Verizon has said that it plans to deploy LTE-U in 5GHz in 2016, and before the controversy over potential interference arose, T-Mobile was expected to use the technology by the end of 2015. Using 5GHz will enable wireless networks to boost data speeds over short distances, without requiring users to log in to separate WiFi networks. In the latest development, Verizon, T-Mobile, Alcatel-Lucent, Ericsson, and Qualcomm sent a letter to the Federal Communications Commission to express their opposition to a WiFi Alliance proposal that would slow the process of deploying LTE-U to carriers’ networks.
The WiFi Alliance is an industry trade group that certifies equipment to ensure that it doesn’t interfere with other certified equipment operating in the same frequencies. The group asked the FCC to avoid authorizing any LTE-U equipment until the WiFi Alliance is able to conduct its own tests, using new interference testing guidelines that the Alliance is still in the process of developing.
As Ars Technica notes, the WiFi Alliance has an extensive list of members that covers “pretty much the entire technology industry, including the five companies opposing its request.” In their letter to the FCC (PDF), the companies wrote that as members of the WiFi Alliance, they are “interested in extending the benefits of LTE on unlicensed spectrum.” But they urge the FCC to reject the alliance’s “unprecedented” request, which would have the effect of “allowing an organization that certifies interoperability for one particular technology to become the gatekeeper for another technology to use unlicensed spectrum.”
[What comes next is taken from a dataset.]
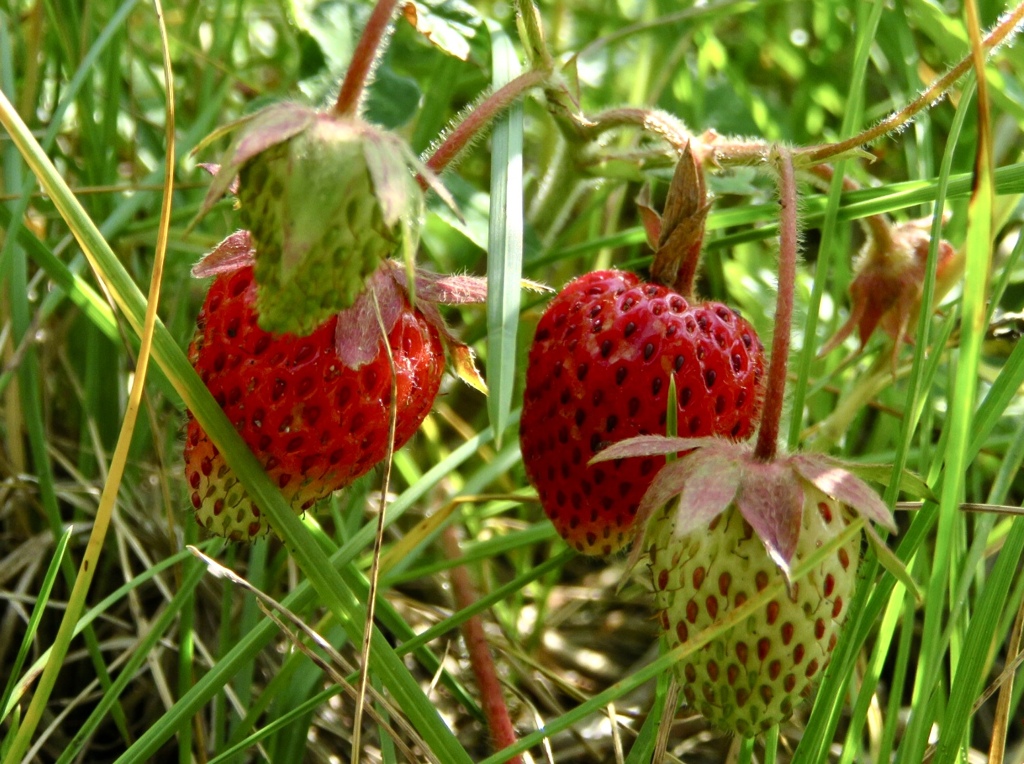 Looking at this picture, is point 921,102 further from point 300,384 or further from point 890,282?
point 300,384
Cable and Internet providers have also gotten involved, since many have set up networks of WiFi hotspots around the country. The National Cable & Telecommunications Association (NCTA), which represents Comcast, among other cable companies, has raised concerns that LTE-U and a related technology called Licensed Assisted Access (LAA) would decrease the performance of WiFi networks. The NCTA says that cable industry research has shown that in specific circumstances, LAA could lower the WiFi transmission success rate “by 77 percent with fifteen nearby consumer Wi-Fi devices, and by 88 percent with twenty nearby consumer devices.” T-Mobile countered, arguing that claims were exaggerated, and “based on testing with parameters set at extremes that do not represent realistic deployments or do not reflect actual LTE-U specifications.”
The FCC has yet to make a final decision, and noted in a recent filing that there are “potentially four different types” of LTE-U technology being developed, counting separate efforts by industry groups and a proprietary version being developed by Qualcomm. Any new equipment will need to go through the commission’s standard process for dealing with new technology.
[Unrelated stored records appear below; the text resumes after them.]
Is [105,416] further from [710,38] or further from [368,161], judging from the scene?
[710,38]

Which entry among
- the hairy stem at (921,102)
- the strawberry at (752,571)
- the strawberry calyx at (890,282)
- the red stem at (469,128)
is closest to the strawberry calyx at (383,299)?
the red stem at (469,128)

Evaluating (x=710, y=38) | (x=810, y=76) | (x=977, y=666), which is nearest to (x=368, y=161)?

As Mark Sullivan reported for VentureBeat earlier this year, using unlicensed spectrum holds promise as a way “to scale up wireless capacity and speeds in a world where licensed spectrum is limited and where demand for mobile Internet service continues to shoot upward.” It presents an interesting situation for carriers, who are accustomed to spending billions to buy licensed spectrum. And it could give rise to new competitors, like new types of wireless services launched by startups, and create pressure for decreasing prices. But carriers are going along with LTE-U because they want to run LTE service in unlicensed spectrum to improve performance during “surge” periods, when traffic levels are high.
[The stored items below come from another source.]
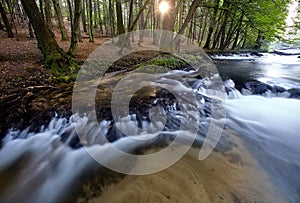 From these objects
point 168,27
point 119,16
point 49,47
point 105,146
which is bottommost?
point 105,146

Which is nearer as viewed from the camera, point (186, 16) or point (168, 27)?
point (168, 27)

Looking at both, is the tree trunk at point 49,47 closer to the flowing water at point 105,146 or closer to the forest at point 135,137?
the forest at point 135,137

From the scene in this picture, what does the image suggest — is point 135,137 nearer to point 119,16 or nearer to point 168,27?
point 168,27

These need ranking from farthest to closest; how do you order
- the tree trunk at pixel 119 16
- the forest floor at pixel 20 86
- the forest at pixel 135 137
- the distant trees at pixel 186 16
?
1. the tree trunk at pixel 119 16
2. the distant trees at pixel 186 16
3. the forest floor at pixel 20 86
4. the forest at pixel 135 137

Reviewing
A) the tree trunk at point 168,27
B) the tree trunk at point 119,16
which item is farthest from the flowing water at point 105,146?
the tree trunk at point 119,16

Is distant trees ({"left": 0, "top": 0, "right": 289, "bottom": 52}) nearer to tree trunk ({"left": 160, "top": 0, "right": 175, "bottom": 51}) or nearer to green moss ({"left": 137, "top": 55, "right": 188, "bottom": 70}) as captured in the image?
tree trunk ({"left": 160, "top": 0, "right": 175, "bottom": 51})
Sullivan explains that “the genie appears to be well out of the bottle” despite early concerns about possible interference. “LTE service has a way of pushing other wireless services out of the way when moving in the same spectrum band,” Sullivan reports, noting that one telecom exec told his publication that LTE is “a bit of a bull in a china shop” while “Wi-Fi is known as a ‘polite service’ and can be easily pushed out of the way.” But Sullivan reports that new software has been developed “to make the various signals play nice within a shared spectrum band,” paving the way for LTE-U to be deployed.
Google is one party that has expressed reservations about how LTE over unlicensed spectrum would impact WiFi services. In a recent post to its public policy blog, the company suggested that carriers could use newly-available, now underused spectrum in the 3.5GHz band, and leave the 5GHz band alone. The post notes, “The entire wireless ecosystem should be concerned about allowing one innovation to block others — past and future. The best way to stimulate innovation without regulatory intervention is for the industry to maximize use of all available spectrum and develop workable coexistence and coordination mechanisms that encourage widespread access to unlicensed spectrum.”